HazelNuts39 3rd Aug 2009 17:13

Bowling Ball
 
RE: Smilin Ed (#4098) and Will Fraser (#4099)

Smilin,
The issue we're discussing has nothing to do with AB vs the rest of the world. A distinction needs to be made between stall avoidance and stall recovery. Stall warning warns that stall is approaching, it is NOT identification that the airplane is stalled. Stall warning begins when AoA exceeds a threshold below the stall, and continues until AoA is reduced below the threshold. Stall avoidance demands prompt response. No panic, just a gentle reduction of an abnormally nose-high attitude will stop the warning. The immediate effect of pitching down is to reduce AoA. The reduced lift causes the airplane to descend so that it will pick up some speed.

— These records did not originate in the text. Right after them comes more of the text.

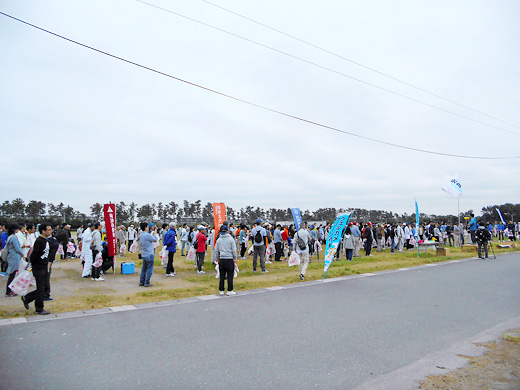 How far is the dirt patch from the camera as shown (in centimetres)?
388

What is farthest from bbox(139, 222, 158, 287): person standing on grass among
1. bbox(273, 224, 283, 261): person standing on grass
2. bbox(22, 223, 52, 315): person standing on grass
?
bbox(273, 224, 283, 261): person standing on grass

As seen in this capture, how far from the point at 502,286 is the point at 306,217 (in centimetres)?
5943

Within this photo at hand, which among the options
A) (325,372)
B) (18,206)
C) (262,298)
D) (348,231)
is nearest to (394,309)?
(262,298)

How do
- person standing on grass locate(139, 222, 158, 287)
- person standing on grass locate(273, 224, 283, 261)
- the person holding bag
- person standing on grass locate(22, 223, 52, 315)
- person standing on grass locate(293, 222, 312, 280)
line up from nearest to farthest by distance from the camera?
1. person standing on grass locate(22, 223, 52, 315)
2. the person holding bag
3. person standing on grass locate(139, 222, 158, 287)
4. person standing on grass locate(293, 222, 312, 280)
5. person standing on grass locate(273, 224, 283, 261)

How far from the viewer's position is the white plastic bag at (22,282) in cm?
677

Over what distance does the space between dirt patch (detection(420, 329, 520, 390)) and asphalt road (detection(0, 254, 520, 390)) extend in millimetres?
513

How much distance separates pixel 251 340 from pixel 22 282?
4989 millimetres

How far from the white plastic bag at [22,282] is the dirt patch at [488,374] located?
24.0 feet

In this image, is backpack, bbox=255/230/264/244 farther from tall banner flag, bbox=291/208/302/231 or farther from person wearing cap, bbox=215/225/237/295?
tall banner flag, bbox=291/208/302/231

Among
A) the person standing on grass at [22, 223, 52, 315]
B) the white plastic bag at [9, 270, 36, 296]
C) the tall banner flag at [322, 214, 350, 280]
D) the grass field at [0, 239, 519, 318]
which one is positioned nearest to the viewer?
the white plastic bag at [9, 270, 36, 296]

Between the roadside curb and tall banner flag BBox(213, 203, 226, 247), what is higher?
tall banner flag BBox(213, 203, 226, 247)

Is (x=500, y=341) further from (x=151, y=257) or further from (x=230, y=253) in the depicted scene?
(x=151, y=257)

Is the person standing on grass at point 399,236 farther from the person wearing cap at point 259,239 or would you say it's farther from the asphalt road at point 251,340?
the asphalt road at point 251,340

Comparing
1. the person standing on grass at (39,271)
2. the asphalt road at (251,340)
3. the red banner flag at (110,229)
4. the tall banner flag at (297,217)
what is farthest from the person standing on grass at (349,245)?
the person standing on grass at (39,271) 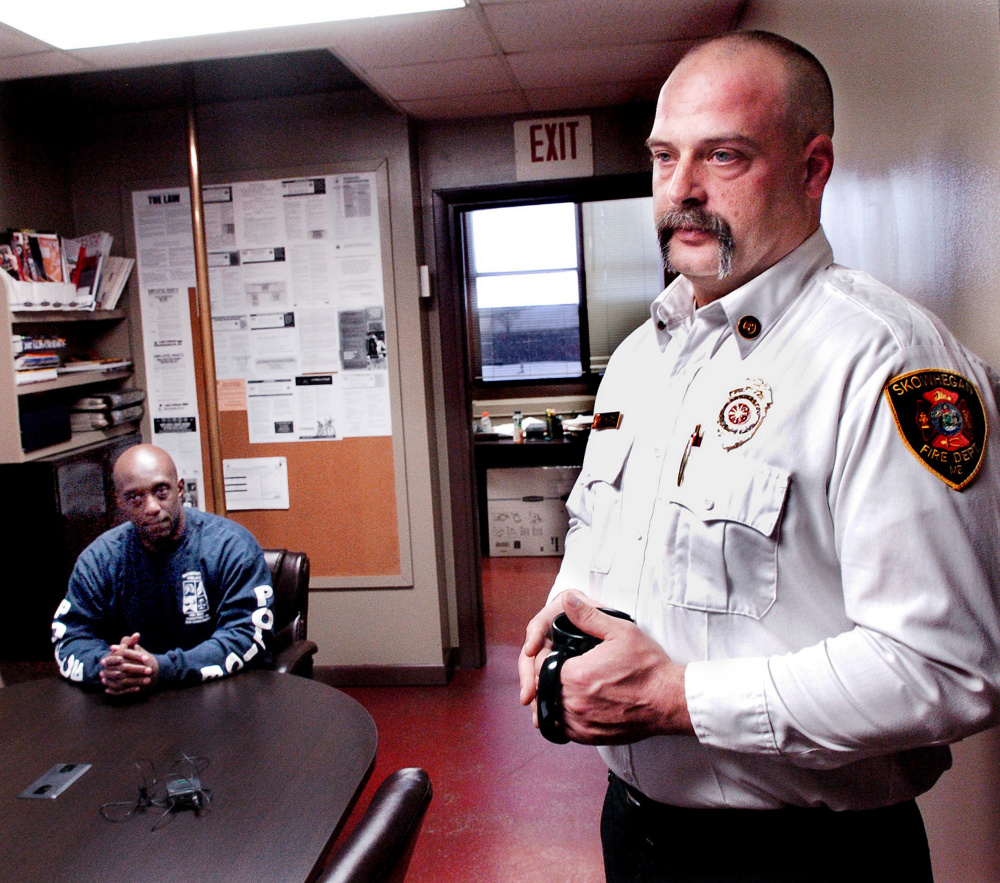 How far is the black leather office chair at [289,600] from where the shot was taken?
105 inches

Meanwhile the engines will have spooled up to provide the extra thrust that will recover the lost altitude. If you don't respond, the stall warning may cease while maintaining pitch and thrust, e.g. if it has been caused by an upward gust. If you allow the stall warning to persist, you don't know whether you are close to the warning threshold or close to stalling. In the latter case, a more agressive maneuver may be called for to avoid stalling. If you do stall, no need to panic either - the airplane has demonstrated safe stalling characteristics in many (hundreds?) stalls before type certification. You will loose a couple of thousand feet, will see some unusual attitudes and g-levels, but if you stay cool you will end up straight and level. You may have some explaining to do after you get home - like that Icelandair captain.

regards,
HN39

Hyperveloce 3rd Aug 2009 17:38

Well, if you get stall alarms at a flight level of 350 and if you see -50 kts of speed trend (trend over 10 seconds) on your PFD, isn't it a powerfull invitation to think quick, given your thin margin ? (probably <50 kts at FL350 ?). No need to panic of course, but you have to take this decision just after being rained down with multiple ECAM alerts, aural and visual alerts, and after having lost most of your flight protections. Maybe you had a little time to think about these multiple signals, to try to understand all these confusing signals displayed on the ECAM and the PFDs, then a new problem arises, you hear that your plane is stalling. No need to panic, but a clear & quick analyzis in a high workload & confusing situation ? The misleading signals: the stall warnings themselves, the airspeeds, the airspeed trends, the ECAM warning about "risks of undue stall warnings" and the SOPs urging you to take stall warnings into account (and to disreguard the ECAM warnings).
Sorry but I know how I feel when my PC goes haywire, produces strange & conflicting signals, and when my troubleshooting book or service is of no help. I how it can be frustrating, although I have all my time to comprehend between two coffees, in a flat world. I can't figure out how I would be, if I had only tens of seconds to solve a very confusing problem, with a plane to handfly in the same time with no visibility, in the night, buffeted in a tropical thunderstorm. I guess I would really be tempted to reboot the failed automation, but I am not a pilot.
All I know are past incidents, and past incidents show that some pilots are taking the stall alarms (and some other flight parameters) seriously. And some other incidents show attempts to reboot the PRIM/SEC inflight to regain a normal law. I don't know if you have the time to think, but in certain situations, you don't even have the time to send a MAYDAY.
Jeff
----------------
PS) Are there formulae or tables to compute the time needed to reach Mach 0.85 and Mach 0.90 starting from FL350, Mach 0.80, according to several descent angles (1°,2°,3°...) and different thrust levels (N1=0.85, 0.90, 0.95, Max) ? is it possible to compute the same thing but with a banking angle ?
----------------

Smilin_Ed 3rd Aug 2009 18:02

Super Fast Response Required?
 
HN39, my comment/questions are not unique to AB to any other manufacturer. It just happens that this is an AB accident. I still think the attitude on this thread, regardless of make of plane, seems to be that response to a stall warning has to be super fast. Does it? If the crew is awake and the plane seems to be flying OK, there's no need to panic and consequently take the wrong action. Just deliberate assessment of the situation followed by appropriate action.A glance at the AoA, should quiet any fears. IMHO, there should be an independent AoA readout available at all times.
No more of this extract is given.